Texas high school football stadium that cost $60 million to reopen after repairs

By Jon Herskovitz

AUSTIN, Texas (Reuters) – One of the most expensive U.S. high school football stadiums ever built is set to reopen this month after undergoing millions of dollars of repairs to fix structural problems that had made it unsafe, officials in the Dallas suburb of Allen said on Monday.

The Allen Eagle Stadium will be used for graduation ceremonies on Friday. The $60 million stadium, which opened in 2012, was closed in February 2014 after cracks were discovered in the concourse of the structure.

School officials were not immediately available to comment on the repairs, which the Dallas Morning News said cost more than $10 million and were largely picked up by the contactor and architectural firm that built it.

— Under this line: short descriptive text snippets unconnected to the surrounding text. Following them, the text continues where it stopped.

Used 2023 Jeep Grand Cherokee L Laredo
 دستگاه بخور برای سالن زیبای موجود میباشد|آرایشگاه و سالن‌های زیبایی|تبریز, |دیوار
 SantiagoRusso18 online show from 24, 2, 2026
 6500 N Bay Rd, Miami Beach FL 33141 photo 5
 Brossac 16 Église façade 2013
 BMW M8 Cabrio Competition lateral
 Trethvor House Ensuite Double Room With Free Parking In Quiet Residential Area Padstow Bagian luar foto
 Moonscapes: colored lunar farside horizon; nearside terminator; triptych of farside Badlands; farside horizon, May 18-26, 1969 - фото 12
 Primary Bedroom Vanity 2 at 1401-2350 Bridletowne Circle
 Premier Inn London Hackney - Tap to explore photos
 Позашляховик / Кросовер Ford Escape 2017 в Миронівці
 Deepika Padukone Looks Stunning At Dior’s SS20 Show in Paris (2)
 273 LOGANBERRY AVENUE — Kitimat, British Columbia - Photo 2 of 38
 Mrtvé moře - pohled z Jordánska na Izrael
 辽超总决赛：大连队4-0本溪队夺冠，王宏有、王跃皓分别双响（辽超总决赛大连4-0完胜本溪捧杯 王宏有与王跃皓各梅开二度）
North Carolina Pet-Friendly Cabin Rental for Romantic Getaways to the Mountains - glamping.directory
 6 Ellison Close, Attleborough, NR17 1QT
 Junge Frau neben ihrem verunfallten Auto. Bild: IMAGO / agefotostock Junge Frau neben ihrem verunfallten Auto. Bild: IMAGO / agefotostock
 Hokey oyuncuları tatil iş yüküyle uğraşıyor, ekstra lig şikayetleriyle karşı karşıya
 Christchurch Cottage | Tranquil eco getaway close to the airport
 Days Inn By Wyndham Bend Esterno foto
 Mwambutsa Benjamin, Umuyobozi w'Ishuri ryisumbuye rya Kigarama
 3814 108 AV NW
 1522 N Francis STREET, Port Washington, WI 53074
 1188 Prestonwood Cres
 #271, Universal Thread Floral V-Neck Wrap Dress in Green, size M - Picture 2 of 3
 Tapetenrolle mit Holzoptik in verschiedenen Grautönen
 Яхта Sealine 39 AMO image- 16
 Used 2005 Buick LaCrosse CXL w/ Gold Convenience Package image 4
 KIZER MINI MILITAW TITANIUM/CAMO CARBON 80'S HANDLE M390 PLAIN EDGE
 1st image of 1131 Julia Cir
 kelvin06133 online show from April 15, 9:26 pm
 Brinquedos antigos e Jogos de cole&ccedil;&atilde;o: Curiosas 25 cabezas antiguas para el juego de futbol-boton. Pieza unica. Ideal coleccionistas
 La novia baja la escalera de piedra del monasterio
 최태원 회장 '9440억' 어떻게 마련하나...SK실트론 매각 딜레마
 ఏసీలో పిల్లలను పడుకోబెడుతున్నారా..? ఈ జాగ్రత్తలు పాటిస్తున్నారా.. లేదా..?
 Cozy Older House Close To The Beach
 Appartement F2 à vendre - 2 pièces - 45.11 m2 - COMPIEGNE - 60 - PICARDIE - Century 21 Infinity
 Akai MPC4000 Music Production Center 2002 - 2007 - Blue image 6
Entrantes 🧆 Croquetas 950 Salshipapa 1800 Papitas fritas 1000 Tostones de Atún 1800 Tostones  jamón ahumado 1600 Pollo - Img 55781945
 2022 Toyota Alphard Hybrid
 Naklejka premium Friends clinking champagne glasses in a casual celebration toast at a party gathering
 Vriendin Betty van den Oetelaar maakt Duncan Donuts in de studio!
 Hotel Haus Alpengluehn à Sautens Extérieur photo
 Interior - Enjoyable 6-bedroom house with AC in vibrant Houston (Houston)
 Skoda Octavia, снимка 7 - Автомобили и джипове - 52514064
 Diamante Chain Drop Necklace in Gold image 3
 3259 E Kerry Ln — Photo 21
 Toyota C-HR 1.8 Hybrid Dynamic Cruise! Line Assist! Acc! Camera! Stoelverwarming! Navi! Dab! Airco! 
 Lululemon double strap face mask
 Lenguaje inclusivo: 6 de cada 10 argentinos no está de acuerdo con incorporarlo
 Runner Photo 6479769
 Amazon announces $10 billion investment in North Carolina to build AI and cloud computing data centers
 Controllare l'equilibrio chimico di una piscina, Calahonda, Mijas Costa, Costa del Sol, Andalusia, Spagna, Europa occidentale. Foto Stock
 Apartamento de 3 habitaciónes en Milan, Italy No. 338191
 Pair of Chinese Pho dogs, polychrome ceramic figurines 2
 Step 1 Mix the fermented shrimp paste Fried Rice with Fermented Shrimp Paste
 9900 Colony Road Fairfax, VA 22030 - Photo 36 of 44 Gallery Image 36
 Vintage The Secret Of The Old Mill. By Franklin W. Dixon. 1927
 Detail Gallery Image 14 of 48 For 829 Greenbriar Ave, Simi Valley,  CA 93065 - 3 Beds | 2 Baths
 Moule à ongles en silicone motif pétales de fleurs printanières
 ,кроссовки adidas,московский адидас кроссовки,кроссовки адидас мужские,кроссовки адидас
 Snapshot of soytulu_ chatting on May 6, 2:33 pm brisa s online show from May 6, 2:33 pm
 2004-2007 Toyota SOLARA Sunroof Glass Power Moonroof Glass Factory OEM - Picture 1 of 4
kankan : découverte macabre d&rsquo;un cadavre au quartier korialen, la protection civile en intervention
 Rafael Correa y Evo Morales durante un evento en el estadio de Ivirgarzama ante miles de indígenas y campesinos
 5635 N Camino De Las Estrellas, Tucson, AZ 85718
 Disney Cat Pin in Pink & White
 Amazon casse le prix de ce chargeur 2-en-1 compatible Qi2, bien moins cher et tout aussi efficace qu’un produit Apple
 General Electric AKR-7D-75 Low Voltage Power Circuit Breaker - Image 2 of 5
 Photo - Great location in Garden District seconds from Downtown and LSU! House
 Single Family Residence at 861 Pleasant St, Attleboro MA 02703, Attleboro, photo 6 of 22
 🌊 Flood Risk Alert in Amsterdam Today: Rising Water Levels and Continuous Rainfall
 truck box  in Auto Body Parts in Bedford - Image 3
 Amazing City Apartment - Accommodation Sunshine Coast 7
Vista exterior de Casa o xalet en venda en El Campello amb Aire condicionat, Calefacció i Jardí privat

“We ended up with the stadium that we originally asked for,” Allen Independent School District Superintendent Lance Hindt told the paper. “We ended up not paying a penny for it.”

The cost of the 18,000-seat stadium that includes a $1.3 million scoreboard was financed as part of a voter-approved $119 million bond package.

In Allen, as in many parts of Texas, high school football games are some of the most important events on the calendar.

The Allen Eagles football team, one of the strongest in its division in the state, had been playing games in the neighboring suburb of Plano after the stadium was shut.